*** Opening The data ***

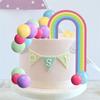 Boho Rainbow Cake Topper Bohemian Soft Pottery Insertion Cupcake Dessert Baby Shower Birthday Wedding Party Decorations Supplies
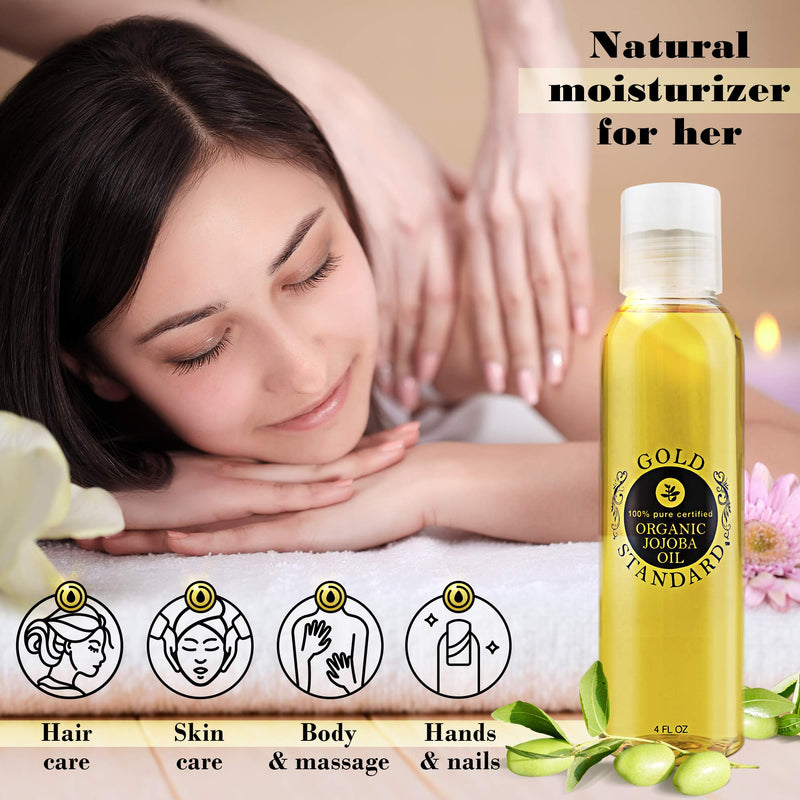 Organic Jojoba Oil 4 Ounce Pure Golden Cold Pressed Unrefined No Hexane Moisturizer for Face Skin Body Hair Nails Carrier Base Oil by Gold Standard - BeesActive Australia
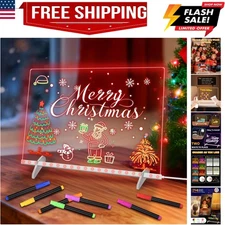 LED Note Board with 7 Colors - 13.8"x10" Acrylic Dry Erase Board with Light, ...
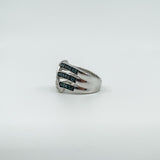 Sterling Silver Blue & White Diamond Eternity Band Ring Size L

*** Closing The data ***
*** Opening The data ***

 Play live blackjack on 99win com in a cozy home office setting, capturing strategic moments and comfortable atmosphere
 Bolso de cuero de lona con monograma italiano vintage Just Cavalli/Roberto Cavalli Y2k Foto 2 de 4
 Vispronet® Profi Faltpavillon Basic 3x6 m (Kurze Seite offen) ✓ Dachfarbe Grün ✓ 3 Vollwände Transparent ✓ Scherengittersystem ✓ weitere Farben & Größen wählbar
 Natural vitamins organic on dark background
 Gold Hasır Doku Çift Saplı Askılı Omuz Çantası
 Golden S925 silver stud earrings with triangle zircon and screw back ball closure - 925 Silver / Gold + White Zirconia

*** Closing The data ***

_What the exercise asks_
Among the entries above, take the lines from the one with "LED Note Board" through the one with "Sterling Silver Blue" and retype them exactly, leaving out the pictures.

_Output of the task_
 LED Note Board with 7 Colors - 13.8"x10" Acrylic Dry Erase Board with Light, ...
 Sterling Silver Blue & White Diamond Eternity Band Ring Size L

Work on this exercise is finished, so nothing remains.